6.Focus on your partner as your source of sexual pleasure and not magazines, internet or other people
7.Set a weekly date night – make time for each other and don’t talk about money, business or kids; talk about each other. Read more about this principle in the interview I gave “Is your relationship suffering from the Putt Putt Syndrome? http://patrickwanis.com/blog/2010/02/15/is-your-relationship-suffering-from-the-putt-putt-syndrome/
8.Keep the romance alive – keep wooing and reassuring her that she is the one, the only one for you; let her know you adore her; express affection and thoughtfulness, use texts and emails to flirt and let your partner know how much you love each other rather than simply exchanging useless information
9.Communicate – a lack of communication is the primary complaint by women about their partners; men also need to talk and communicate to deepen the bond; talk about small things (daily occurrences) and meaningful things (dreams, aspirations, goals, vacations, etc)
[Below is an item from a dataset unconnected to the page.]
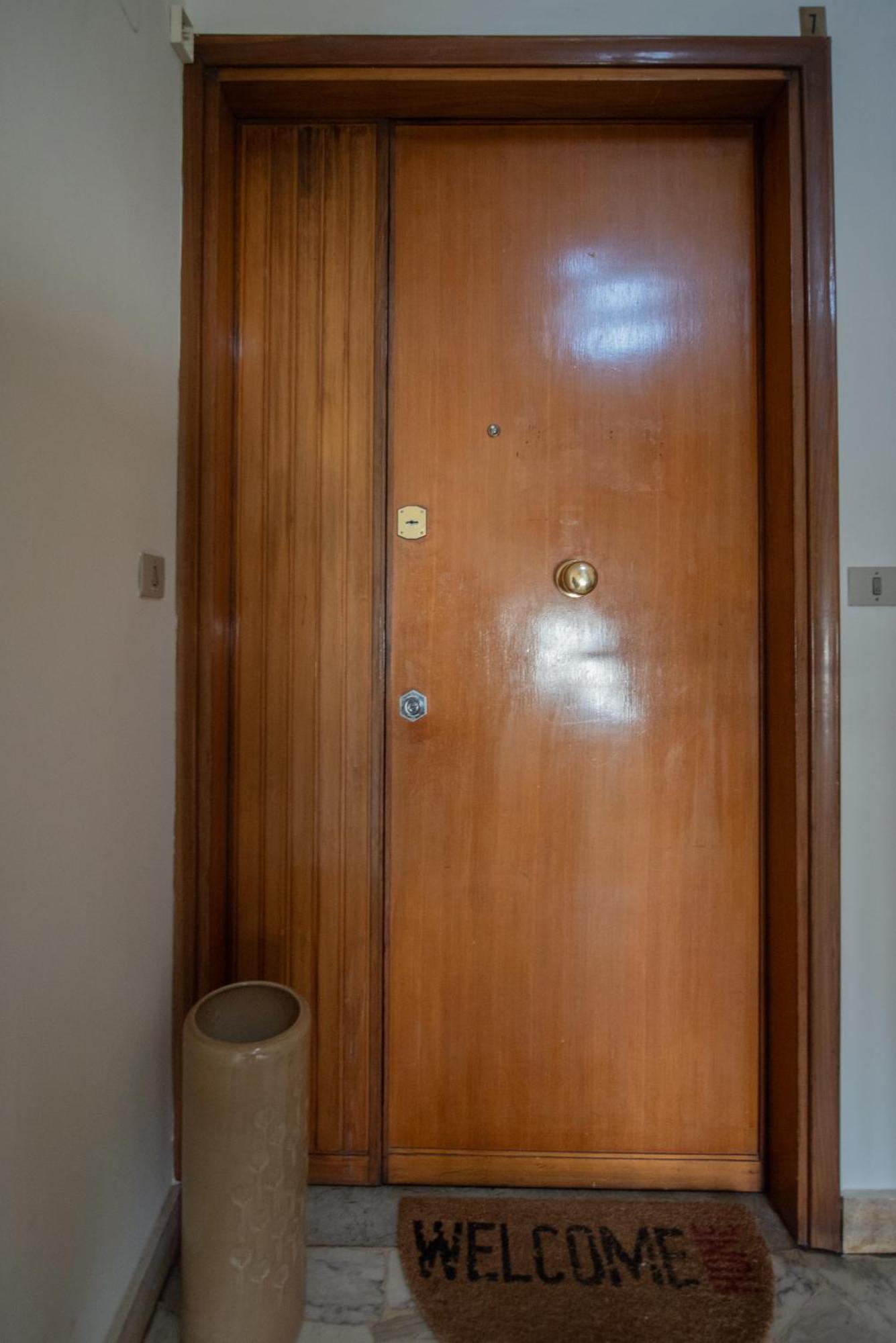 Artisti, Cozy Flat In Florencia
10.Do things together – stop being roommates and living in two worlds (women lost in children and men lost in career); share hobbies and interests to prevent growing apart; men need to do things with their wife or they lose interest; remember when you courted and you did things together?
11.Take care of yourself – men want their woman to look good – take care of yourself physically and aesthetically; don’t let your appearance slide and no, you don’t need to have a perfect body
12.Beware of a sexless marriage: Have sex regularly and look for ways to keep it exciting rather than making it repetitive or a chore or obligation; women: although you are a mother now and sex is less of a priority, be aware that it still remains a high priority for men. If there is a sexual block, talk about it and seek counseling and help.
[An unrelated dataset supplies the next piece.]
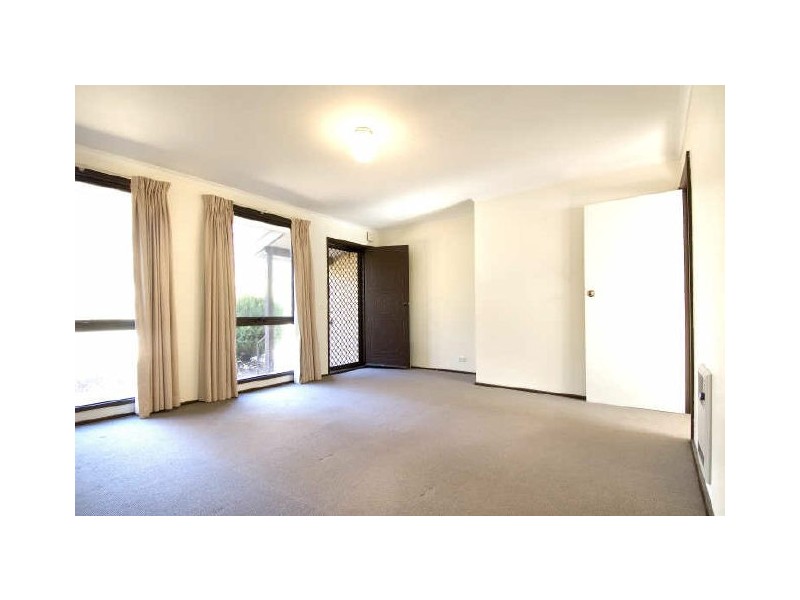 20 Moorehead Place, Latham ACT 2615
13.Give your partner what he or she needs: Women feel loved and amorous when their partner creates a space for her to feel safe and special i.e. listen, empathize, praise, support, encourage, help and allow her to express her emotions; men feel loved when they are appreciated and acknowledged and when they receive sex. (I am not saying this is right or wrong – it’s simply the way it is.)
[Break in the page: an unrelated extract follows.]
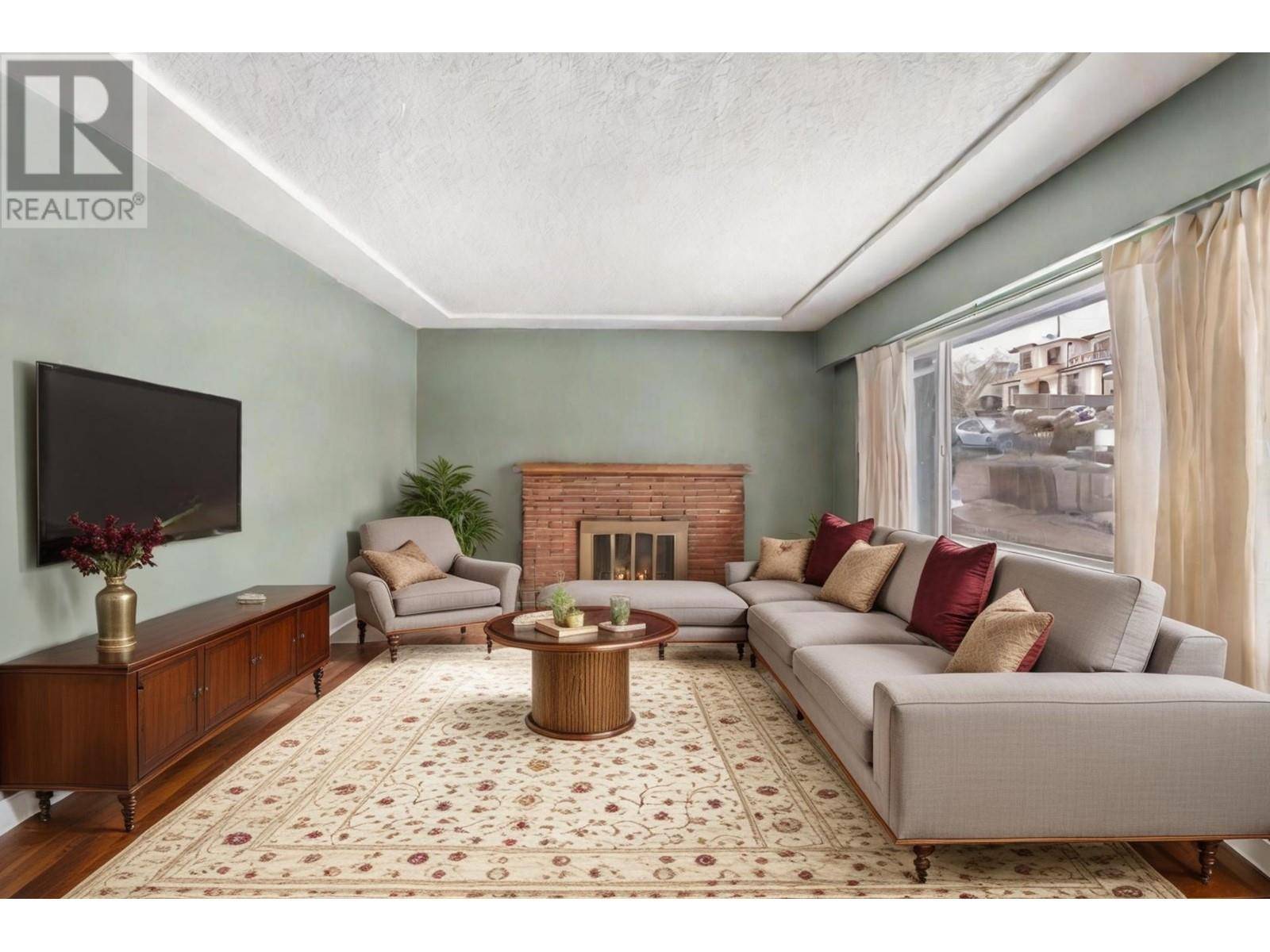 Burnaby, BC V5E1A2,6430 PORTLAND STREET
14.Build the emotional connection: Women: don’t stop being nurturing to your husband; men: expect that she will change and evolve physically, mentally and emotionally- work hard to keep the emotional connection alive and strong; give and receive on all levels; Women cheat when they feel invisible and their emotional needs aren’t being met. Read my article “Why women cheat”: http://patrickwanis.com/blog/2010/02/17/why-women-cheat-2/
15. Avoid selfishness, entitlement and narcissism: beware of instant gratification – think of the long term consequences and what you will lose. If you are a man with power and influence, be wary of falling into the same trap as most celebrities and politicians: delusions of grandeur and power – “the rules no longer apply to me”
16.Establish boundaries and avoid temptation: be clear about what crossing the line means – discuss it with your partner; be prepared to say no to offers and people; focus on maintaining emotional intimacy with your partner – talk with your partner about your feelings and thoughts; Beware of creating greater emotional intimacy with friends of the opposite sex than your husband or wife. Attraction to other people is natural – acting on the attraction is dangerous; if you begin to feel sexual tension, walk away. Be wary of hiding things from your partner.
17.Dissolve resentment – be open and honest with yourself about any resentment or bitterness you may feel towards your spouse for a past event; resentment destroys love and trust in a relationship and can easily lead you to look for love somewhere else; forgive and release the resentment.
18.Keep your word, remember your vow and maintain your integrity – better to get out of the relationship than betray your partner.